--- Task to carry out ---
The line containing "Central America &" marks the end: copy exactly every line from the start of the records below up to and including it, leaving out pictures.

(Records drawn from a dataset)
____________
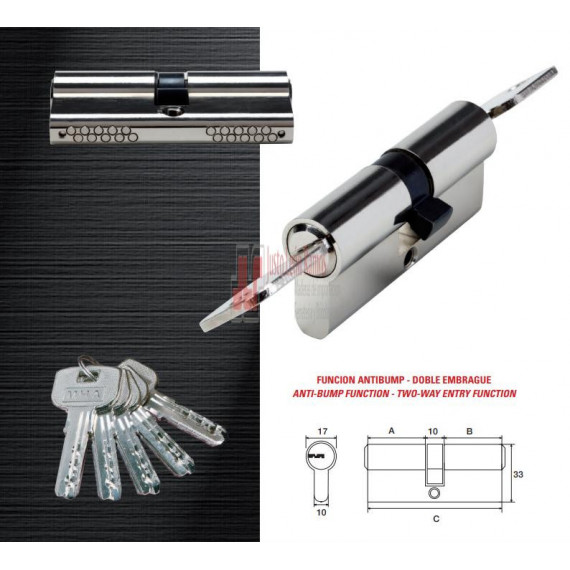 Cilindro De Seguridad Cromado - Modelo 40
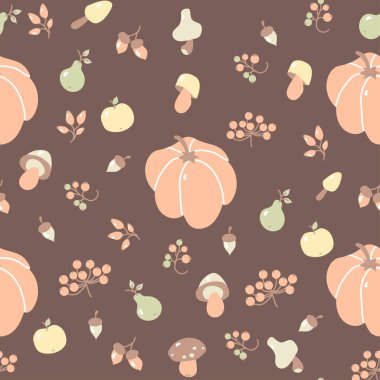 Kusursuz sonbahar şablonu. Sıcak sonbahar ve meyve hasadı - balkabağı, meşe palamudu, mantar, böğürtlen, elma ve armut kahverengi arka planda. Sonbahar dekorasyonu, ambalaj, tekstil için. Vektör illüstrasyonu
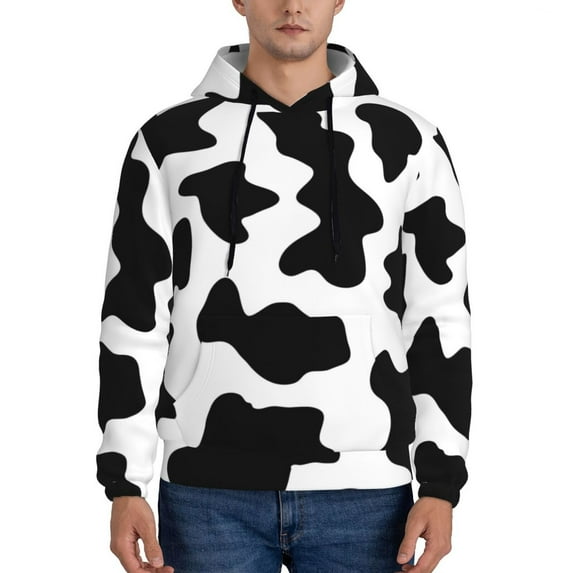 Bingfone Milk Cow Men'S Drawstring Hoodie Long Sleeve Pocket Sweatshirts-Large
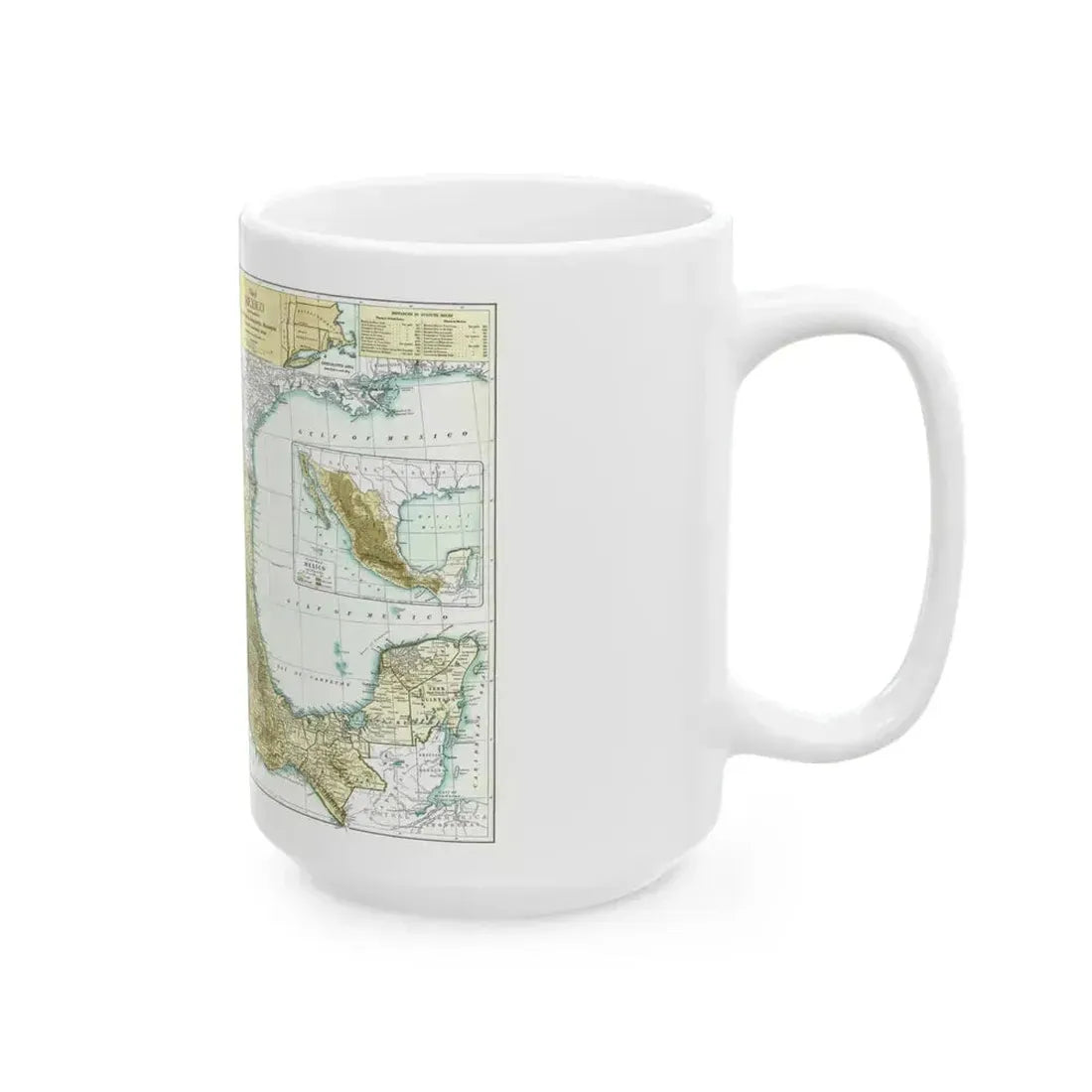 Central America & Mexico (1916) (Map) White Coffee Mug - Go Mug Yourself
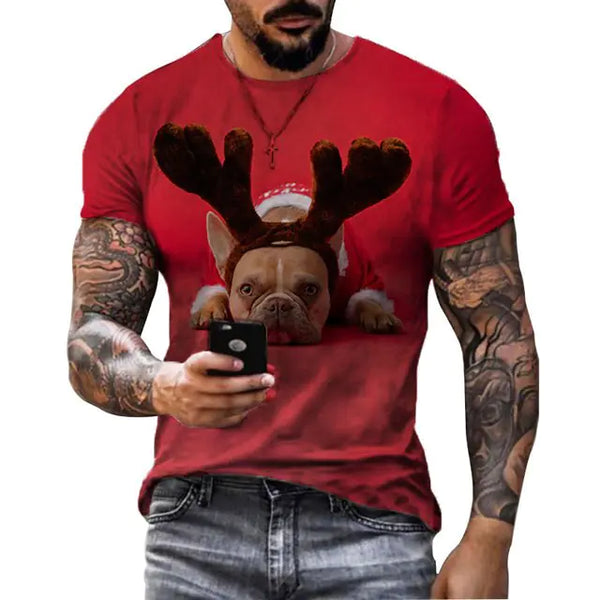 Christmas Print Casual Men's Polyester T-Shirt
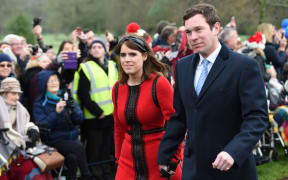 Princess Eugenie of York and her husband Jack Brooksbank arrive for the Royal Family's traditional Christmas Day service in eastern England, on December 25, 2018.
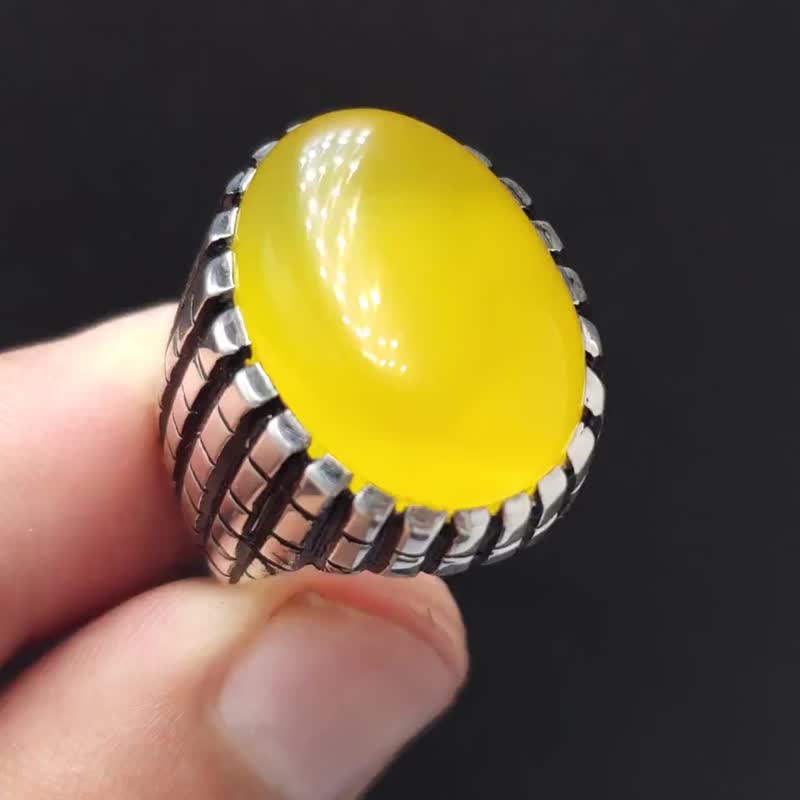 Yellow Agate Ring, Zard Aqeeq Beautiful Ring Zard Aqeeq | Yellow Agate Sterling - แหวนทั่วไป - เครื่องเพชรพลอย สีเหลือง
____________
--- Final answer ---
 Cilindro De Seguridad Cromado - Modelo 40
 Kusursuz sonbahar şablonu. Sıcak sonbahar ve meyve hasadı - balkabağı, meşe palamudu, mantar, böğürtlen, elma ve armut kahverengi arka planda. Sonbahar dekorasyonu, ambalaj, tekstil için. Vektör illüstrasyonu
 Bingfone Milk Cow Men'S Drawstring Hoodie Long Sleeve Pocket Sweatshirts-Large
 Central America & Mexico (1916) (Map) White Coffee Mug - Go Mug Yourself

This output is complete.